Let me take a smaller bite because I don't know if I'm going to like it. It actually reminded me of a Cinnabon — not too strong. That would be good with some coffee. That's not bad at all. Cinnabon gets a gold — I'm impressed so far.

--

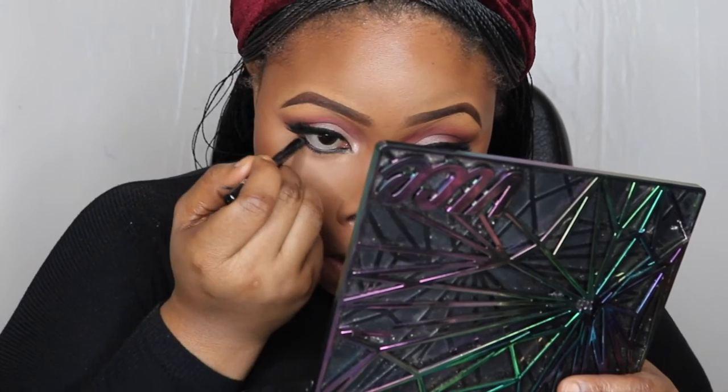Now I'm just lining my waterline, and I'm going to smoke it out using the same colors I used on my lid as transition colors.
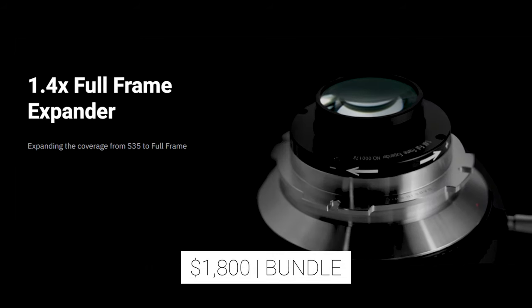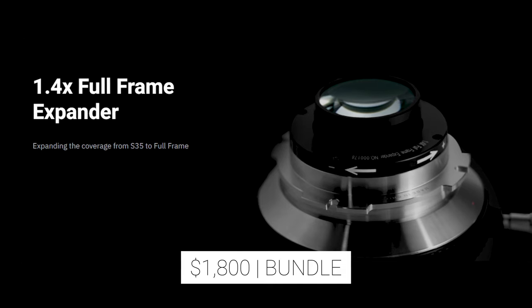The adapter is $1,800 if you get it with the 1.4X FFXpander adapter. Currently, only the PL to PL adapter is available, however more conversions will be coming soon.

WHAT THE TASK ASKS » Above are some entries; copy exactly the lines from the line with "Now I'm just" through the line with "The adapter is", both included, but none of the pictures.

THE ANSWER »
Now I'm just lining my waterline, and I'm going to smoke it out using the same colors I used on my lid as transition colors.
The adapter is $1,800 if you get it with the 1.4X FFXpander adapter. Currently, only the PL to PL adapter is available, however more conversions will be coming soon.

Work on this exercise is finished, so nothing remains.